14. Bölüm

2.6K 229 299
                                    


''Sehun ve Baekhyun mu?'' Taemin gülmeye başladığında, Luhan da ona eşlik etmişti. Kai ve Chanyeol de gülüyorlardı.

Baekhyun ve Sehun, ilk önce sevmedikleri ikiliye sonra da birbirlerine bakıp, göz devirdiler. Tanrı aşkına komik olan şey neydi?

''Ben sadece Baekhyun'u korumaya çalışıyordum.'' Sehun, söylediğinde Baekhyun onu başı ile onayladı.

''Aşırı tutkulu fanların arasında kalmak nasıl bir şey tahmin bile edemezsin Taemin.'' Baekhyun ona bakarak söyledi. ''Ayrıca haberi yapanlar zaten bunun gibi saçma şeylere çok meraklılar.''

''Siz ikiniz ilk defa aynı fikirdesiniz.'' Luhan söylemişti.

''Olamaz mıyız?'' Sehun, söylediğinde hepsi ona bakıyordu.

''Hayır da, en son sizi gördüğümde birbirinizle anlaşma konusunda sıkıntılarınız vardı.''

''Zamanla anlaşmaya başladık diyelim biz ona.'' Baekhyun , Sehun yerine cevaplamıştı. Sehun, aferin dercesine onun koluna dokundu.

Kai ve Chanyeol tekli koltuklarda karşılıklı otururken, Baekhyun, Sehun ile birlikte ikili kanepede; Luhan ve Taemin de üçlü olanda oturuyordu. Yakın olmasalar bile aralarında sadece bir kişilik boşluk vardı.

Chanyeol, Baekhyun'u süzerken, Kai de Sehun'a bakmakla meşguldü. Hissettikleri ancak göremedikleri garip bir aura, şu an tam salonun ortasındaydı.

Kai, Chanyeol'e bakıp kaşlarını kaldırdı. Ne oluyor diye sormak istemişti. Chanyeol omuz silkti. Bilmiyorum demeye çalışmıştı.

''Gangnam'ın en kalabalık yerinde ne işiniz vardı ki? Sehun, senin tanınacağın bariz belliyken'' Taemin söylemişti.

Sehun, ona bakıp gülümsedi. ''Baekhyun ile alışveriş yapmaya gitmiştik. Ancak alışveriş yaparken başımıza bu geldi.''

''Sonra da filmlerdeki gibi Baekhyun'un elini tutup kaçmaya başladın.'' Taemin olayı hala komik buluyordu.

''Taemin yapma ama... sadece Baekhyun'u korumaya çalışmış'' arkadaşını gülümseyerek uyarmıştı Kai.

Taemin ona döndü. ''Ama sence de komik değil mi?''

''Biraz, ama yine de bu kadar alay edilecek bir şey değil. O şekilde fanların arasında kalmaları daha kötü bir şeye neden olabilirdi.''

''Tamam tamam, izin ver az daha güleyim sonra keseceğim.'' Taemin kıkırdamaya devam ederken, Luhan bıyık altından gülmeye devam ediyordu.

Baekhyun, Luhan'ın yüzünü yumruklamamak için kendini zor tutuyordu. İçecekleri hazırlarken Sehun'a dediği şeyi yapmalılardı.

Sehun, bıkkınlıkla kollarını göğsünde çaprazladı ve bacak bacak üzerine attı. Taemin'i boğmak üzereydi.

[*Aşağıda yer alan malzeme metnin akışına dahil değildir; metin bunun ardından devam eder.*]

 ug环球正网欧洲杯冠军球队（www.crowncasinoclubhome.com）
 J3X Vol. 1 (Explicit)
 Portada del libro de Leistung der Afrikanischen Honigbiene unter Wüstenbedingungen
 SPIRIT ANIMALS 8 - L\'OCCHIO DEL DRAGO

Sohbet ederken aniden konu, bugün çıkan saçma aldatma haberine gelmişti ve inadına üzerine gidiyordu.

''Ee Taemin, peki sen orada ne yapıyordun?'' Sehun, gülümseyerek sorduğunda Baekhyun Sehun'a döndü. Onları gördüklerini söyleyecek miydi? Ancak Sehun'un yüzündeki gülümseme nedense Baekhyun'un hoşuna gitmişti. Bakalım Sehun ne yapacaktı.

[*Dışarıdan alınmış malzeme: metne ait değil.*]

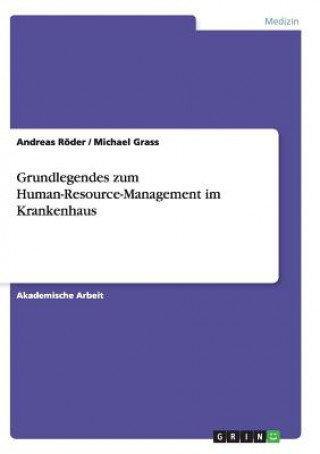 Kniha Grundlegendes zum Human-Resource-Management im Krankenhaus Andreas Röder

Taemin'in gülümsemesi solarken, Luhan gözlerini kocaman açarak Sehun'a bakmıştı.

''Nerede?'' Taemin, aniden gelen soru ile ilk önce afallasa da bozuntuya vermemişti.

''Bizim Baekhyun ile yakalandığımız yerin az ilerisindeki kafede oturuyordun. Seni görünce selam vermek için gelecektik, ama fanlar beni fark edince her şey alt üst oldu.'' Sehun, masum rolünü iyi oynuyordu.